__Study material__:
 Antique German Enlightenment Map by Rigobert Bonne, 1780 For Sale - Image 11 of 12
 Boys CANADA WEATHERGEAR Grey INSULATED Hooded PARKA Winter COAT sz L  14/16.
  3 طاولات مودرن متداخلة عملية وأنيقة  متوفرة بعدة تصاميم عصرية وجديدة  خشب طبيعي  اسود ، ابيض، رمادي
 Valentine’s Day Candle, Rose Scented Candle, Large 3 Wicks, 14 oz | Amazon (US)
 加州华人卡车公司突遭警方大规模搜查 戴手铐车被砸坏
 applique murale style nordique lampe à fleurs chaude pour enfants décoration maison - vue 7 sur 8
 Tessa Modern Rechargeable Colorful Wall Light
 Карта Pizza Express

__Work instructions__:
What is needed is an exact copy of all the records.

__Solution to this task__:
 Antique German Enlightenment Map by Rigobert Bonne, 1780 For Sale - Image 11 of 12
 Boys CANADA WEATHERGEAR Grey INSULATED Hooded PARKA Winter COAT sz L  14/16.
  3 طاولات مودرن متداخلة عملية وأنيقة  متوفرة بعدة تصاميم عصرية وجديدة  خشب طبيعي  اسود ، ابيض، رمادي
 Valentine’s Day Candle, Rose Scented Candle, Large 3 Wicks, 14 oz | Amazon (US)
 加州华人卡车公司突遭警方大规模搜查 戴手铐车被砸坏
 applique murale style nordique lampe à fleurs chaude pour enfants décoration maison - vue 7 sur 8
 Tessa Modern Rechargeable Colorful Wall Light
 Карта Pizza Express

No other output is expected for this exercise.